[Captioned web images]
BEGIN
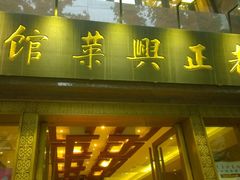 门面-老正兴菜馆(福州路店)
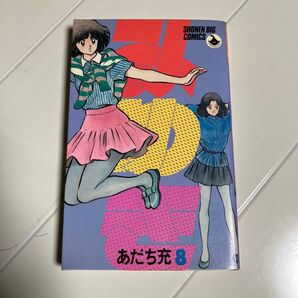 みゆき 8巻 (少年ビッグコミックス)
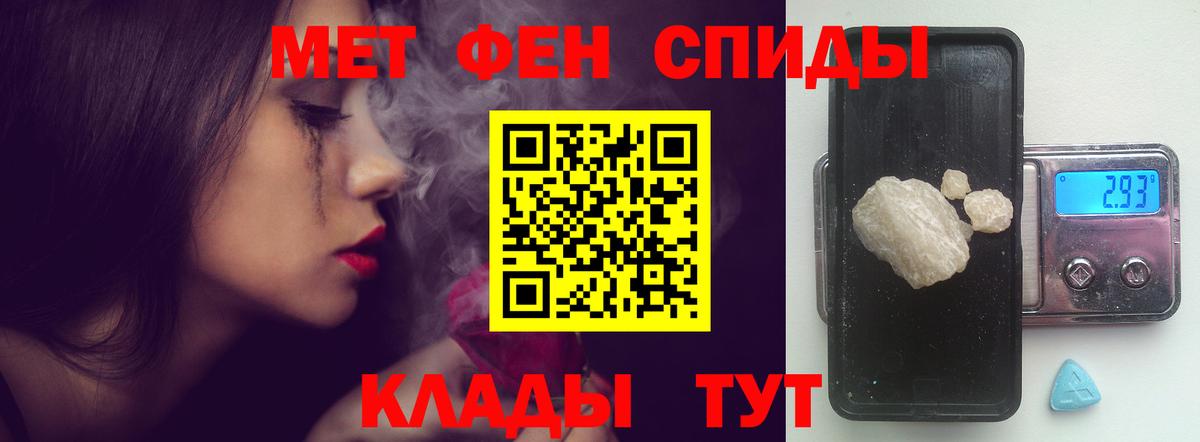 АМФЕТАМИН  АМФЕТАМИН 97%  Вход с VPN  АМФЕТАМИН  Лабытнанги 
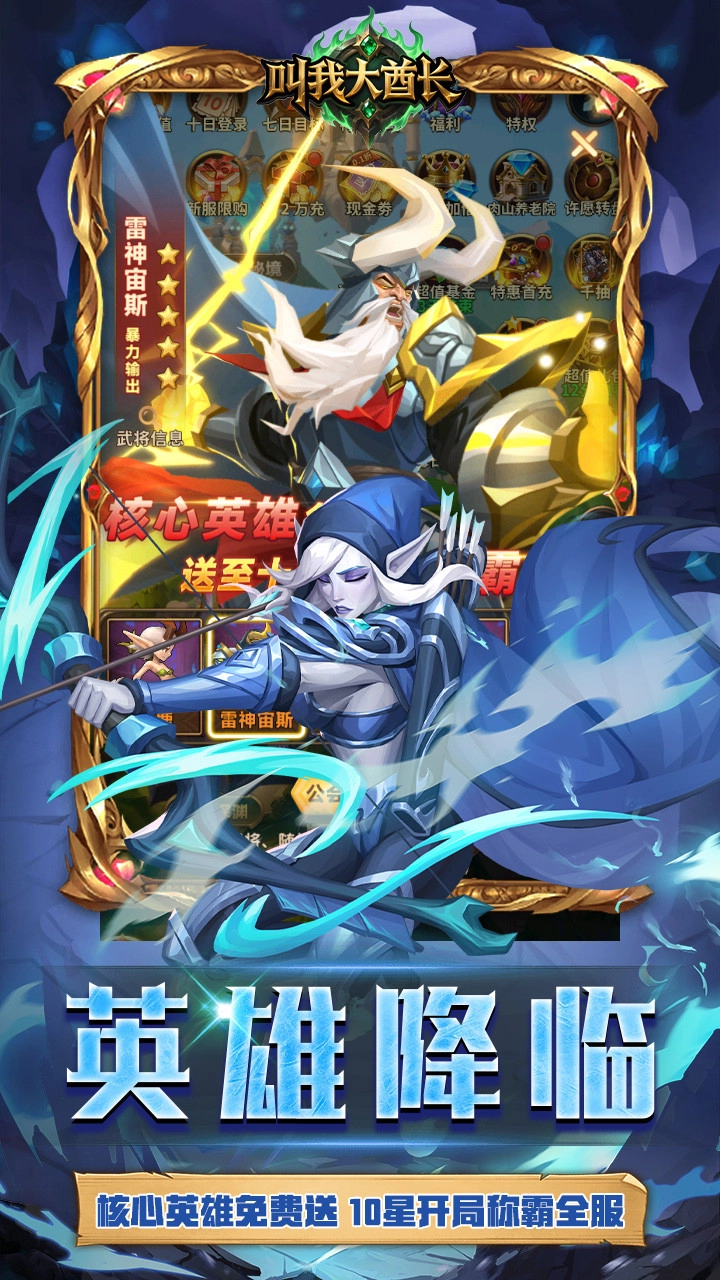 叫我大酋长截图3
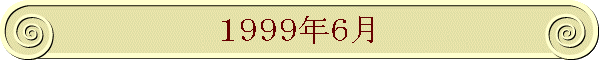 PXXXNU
END
Exercise. An exact transcription of all the entries is required, without the pictures.

Solution for this exercise.
 门面-老正兴菜馆(福州路店)
 みゆき 8巻 (少年ビッグコミックス)
 АМФЕТАМИН  АМФЕТАМИН 97%  Вход с VPN  АМФЕТАМИН  Лабытнанги 
 叫我大酋长截图3
 PXXXNU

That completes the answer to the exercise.